Yes, it is limit on the output: "when converted to a binary string would
exceed 256 bytes as it does not reallocate the output buffer".
Java does not have optional arguments (it is strongly typed language).
Java has overloaded functions :).
I'd suggest to file another JIRA. DRILL-6607 is a bug. A new JIRA is a
request for new functionality.
Thank you,
Vlad
On 7/18/18 05:15, John Omernik wrote:
Interesting, so the 256 limit is on output, not on input?
Is Drill-6607 enough to track this? If so, i have one more "feature" to
add to it, not sure if I should include it on 6607 or create a new JIRA and
link them. Basically, I'd like the ability to pass an int to the function.
(Does Java have optional arguments? It must because of substr(data, start)
and substr(data, start, nochars)) Basically string_binary(data) works as
intended (with the limitation fixed) and string_binary(data, 1) would work
on the binary, but replace EVERY character with the hex representation.
And optional third would be to do a format string of some sort so the user
could pick output, but I like the idea of having every character as hex for
analysis.
John
On Tue, Jul 17, 2018 at 3:40 PM, Vlad Rozov <[email protected]> wrote:
A. +1.
B. Every byte in a binary data may require up to 4 bytes (0xXX) in the
string representation, so 80 may work, 60 should reliably work.
Thank you,
Vlad
On 7/17/18 13:14, John Omernik wrote:
Yet this works?....
string_binary(byte_substr(`data`, 1, 80))
On Tue, Jul 17, 2018 at 3:12 PM, John Omernik <[email protected]> wrote:
So on B. I found the BYTE_SUBSTR and only send 200 bytes to the
string_binary function, I still get an error. Something else is
happening
here...
select `type`, `timestamp`, `src_ip`, `dst_ip`, `src_port`, `dst_port`,
string_binary(byte_substr(`data`, 1, 200)) as mydata from
`user/jomernik/bf2_7306.pcap` limit 10
I get the same
Error Id: 213075e7-378a-437f-a5dc-408326f123f3 on
zeta3.brewingintel.com:20005]
org.apache.drill.common.exceptions.UserException: SYSTEM ERROR:
IndexOutOfBoundsException: index: 0, length: 379 (expected: range(0,
256))
On Tue, Jul 17, 2018 at 12:56 PM, John Omernik <[email protected]> wrote:
Thanks Vlad a couple of thoughts.
A. I think that should be fixed. That seems like a limitation that is
both unexpected and undocumented.
B. Is there a way, if my data in the table is returned as binary to
start with, for me to return the first 256 bytes? I tried substring, and
tries to force to UTF-8 and I am getting some issues there.

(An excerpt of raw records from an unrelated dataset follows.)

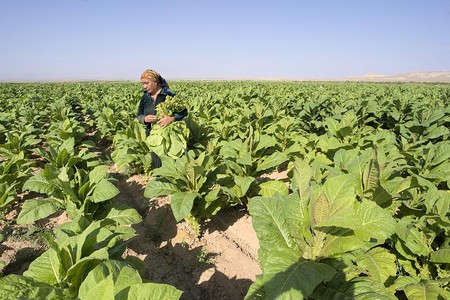Balakəndə tütünçülük müəssisəsi təşkilati-hüquqi formasını dəyişib “aradan çıxacaq”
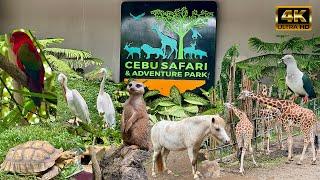 Philippines' Largest Zoological Park - CEBU Safari & Adventure Park | Carmen CEBU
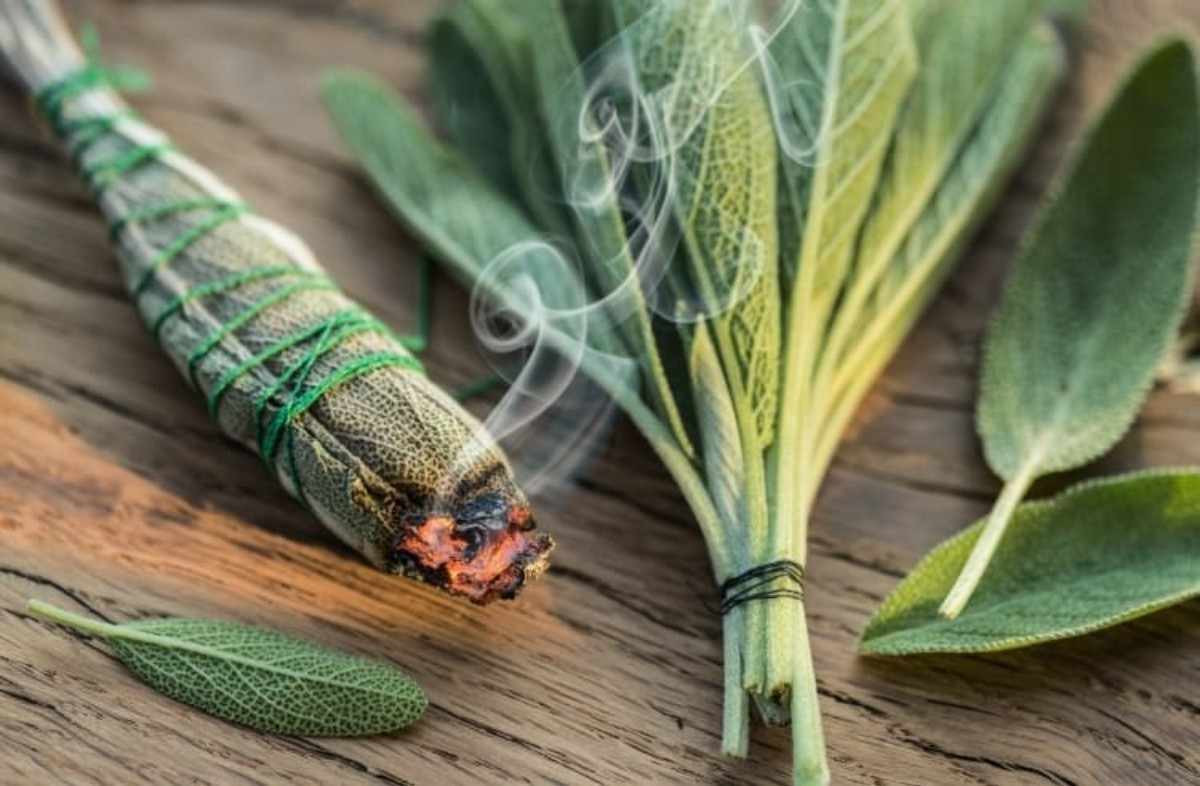 Kara sinekler hangi kokuları sevmez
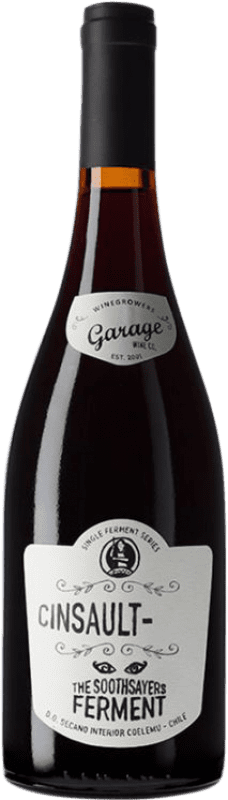 38,95 € 免费送货 | 红酒 Garage Wine The Soothsayer's Ferment I.G. Valle del Maule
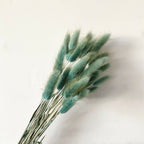Lagurus (Bunny tails)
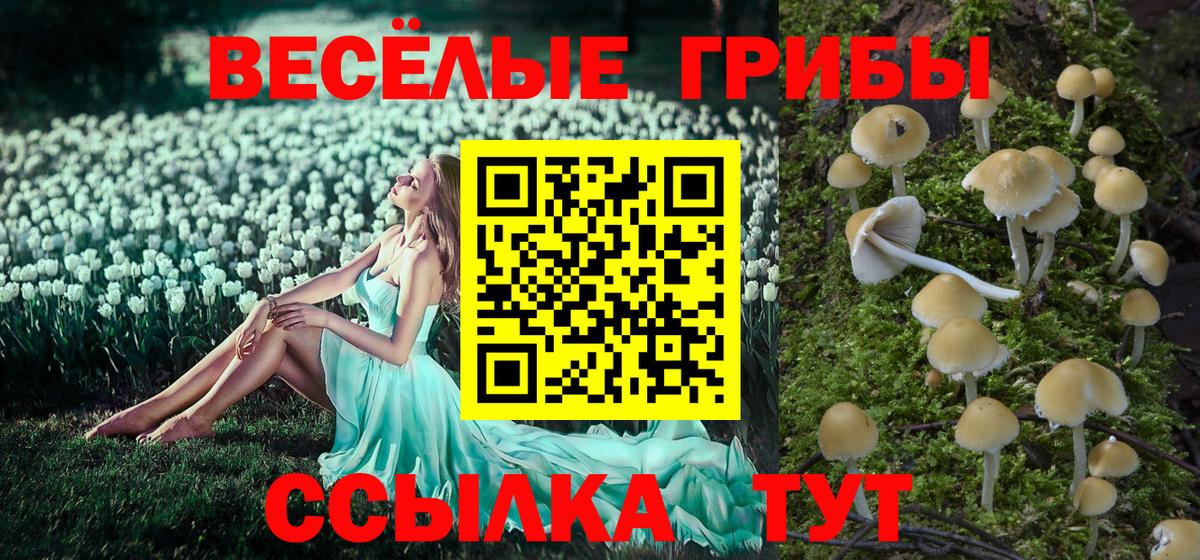 Псилоцибиновые грибы мухоморы  где продают наркотики  Северск  Вход с VPN 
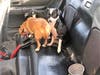 Three pups wait while their elusive litter mate is captured. 
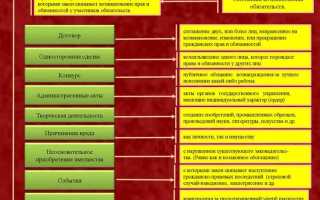 Что не включается в обязательства компании
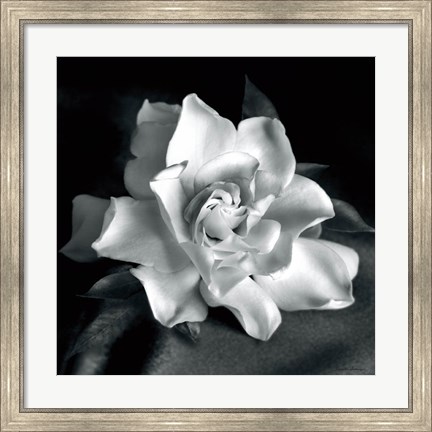 Framed Gardenia Print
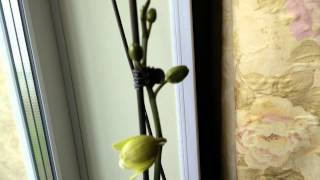 Моя орхидея как цветет и уход за ней .(, 2015-01-26T06:18:10.000Z)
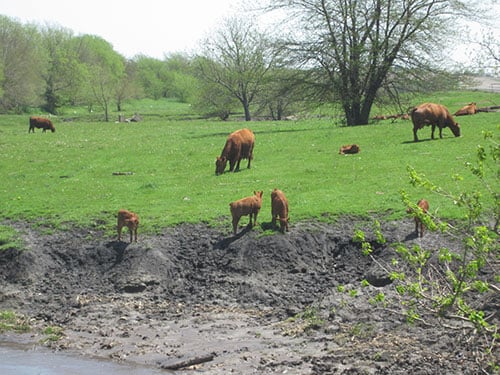 Picture of livestock near stream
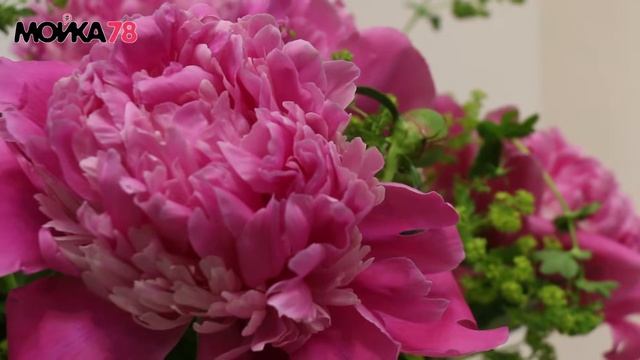 Ароматная выставка "Пионы Северной столицы" в Петербурге смотреть онлайн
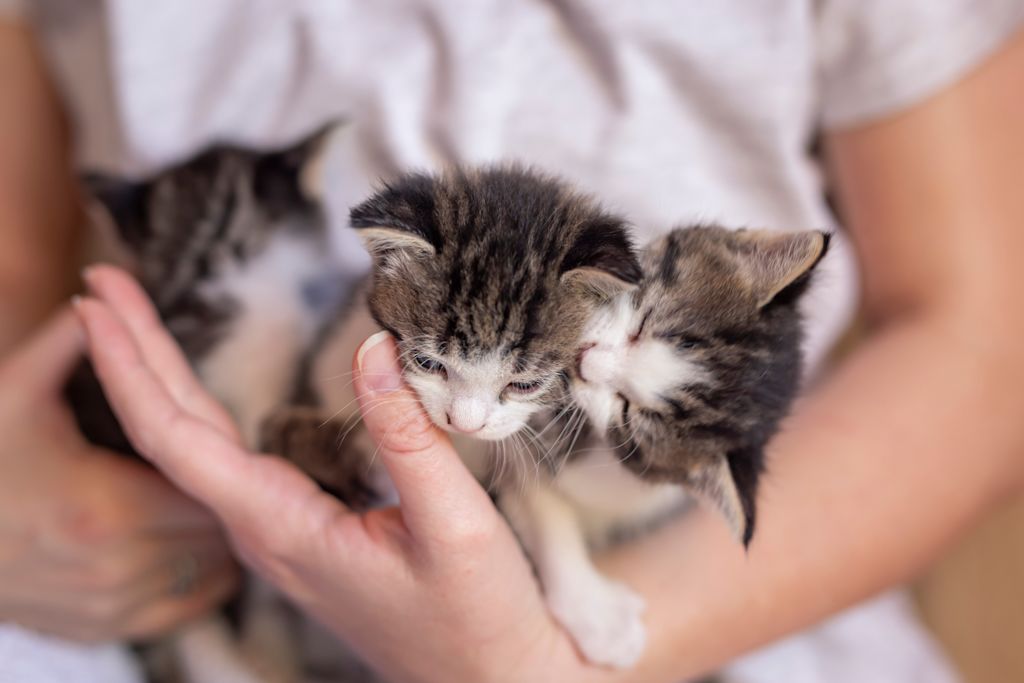Chat qui tête pas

On Tue, Jul 17, 2018 at 10:33 AM, Vlad Rozov <[email protected]> wrote:
In case of DRILL-6607 the issue lies in the implementation of
"string_binary" function: it is not prepared to handle incoming data
that
when converted to a binary string would exceed 256 bytes as it does not
reallocate the output buffer. Until the function code is fixed, the
only
way to avoid the error is either not to use "string_binary" or to use
it
with the data that meets "string_binary" limitation.
Thank you,
Vlad
On 7/13/18 14:01, Ted Dunning wrote:
There are bounds for acceptable behavior for a function like this.
Array
index out of bounds is not acceptable. Aborting with a clean message
about
to true problem might be fine, as would be to return a null.
On Fri, Jul 13, 2018, 13:46 John Omernik <[email protected]> wrote:
So, as to the actual problem, I opened a JIRA here:
https://issues.apache.org/jira/browse/DRILL-6607
The reason I brought this here is my own curiosity: Does an issue in
using
this function most likely lie in the function code itself not
handling
good
data, or is the issue in the pcap pluglin which produces the data for
this
function to consume, I am just curious on how something like this
could be
avoided.
John